Symmetry breaking in indented elastic cones

TL;DR

This paper analyzes the energy scaling and symmetry breaking in indented elastic cones, revealing three deformation regimes and proving that large indentations lead to non-radially symmetric minimizers.

Contribution

It identifies the energy regimes in an elastic cone model and rigorously proves symmetry breaking for large indentations.

Findings

Three deformation regimes identified with increasing indentation

Logarithmic singularity dominates at small indentation

Large indentations cause symmetry breaking in minimizers

Abstract

Motivated by simulations of carbon nanocones (see Jordan and Crespi, Phys. Rev. Lett., 2004), we consider a variational plate model for an elastic cone under compression in the direction of the cone symmetry axis.
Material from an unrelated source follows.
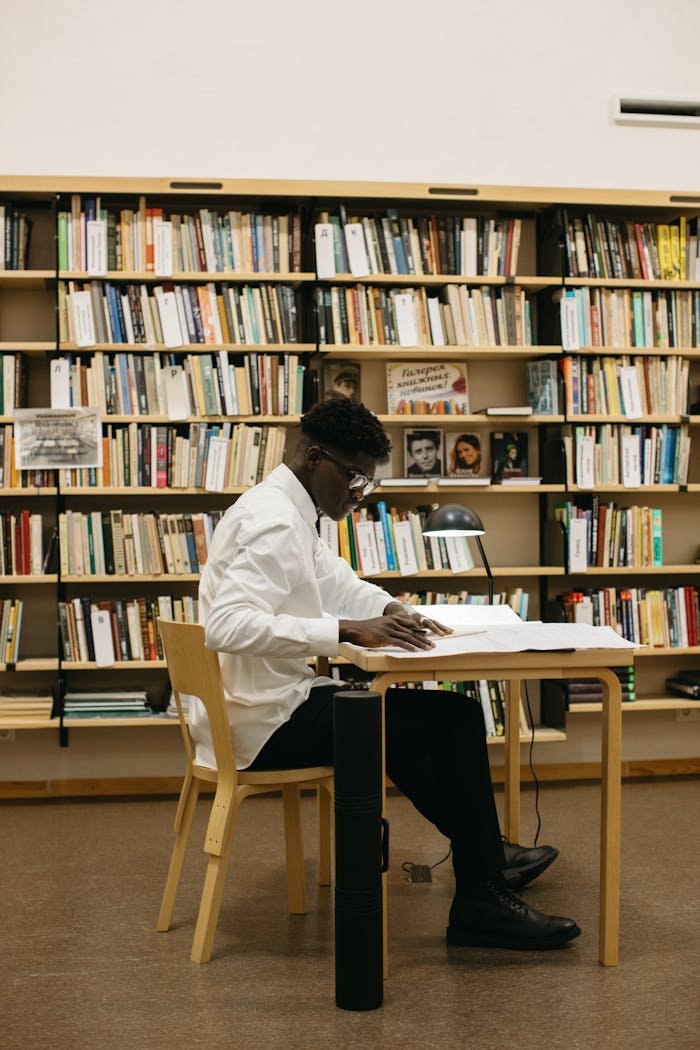 A determined student studying at a desk in a library full of bookshelves.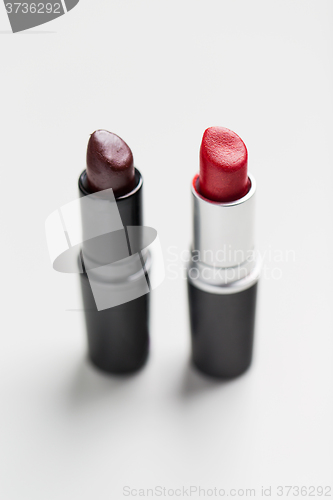 Image of close up of two open lipsticks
Assuming radial symmetry, and modeling the compression by suitable Dirichlet boundary conditions at the center and the boundary of the sheet, we identify the energy scaling law in the von-K\'arm\'an plate model. Specifically, we find that three different regimes arise with increasing indentation $\delta$: initially the energetic cost of the logarithmic singularity dominates, then there is a linear response corresponding to a moderate deformation close to the boundary of the cone, and for larger $\delta$ a localized inversion takes place in the central region. Then we show that for large enough indentations minimizers of the elastic energy cannot be radially symmetric. We do so by an explicit construction that achieves lower elastic energy than the minimum amount possible for radially symmetric deformations.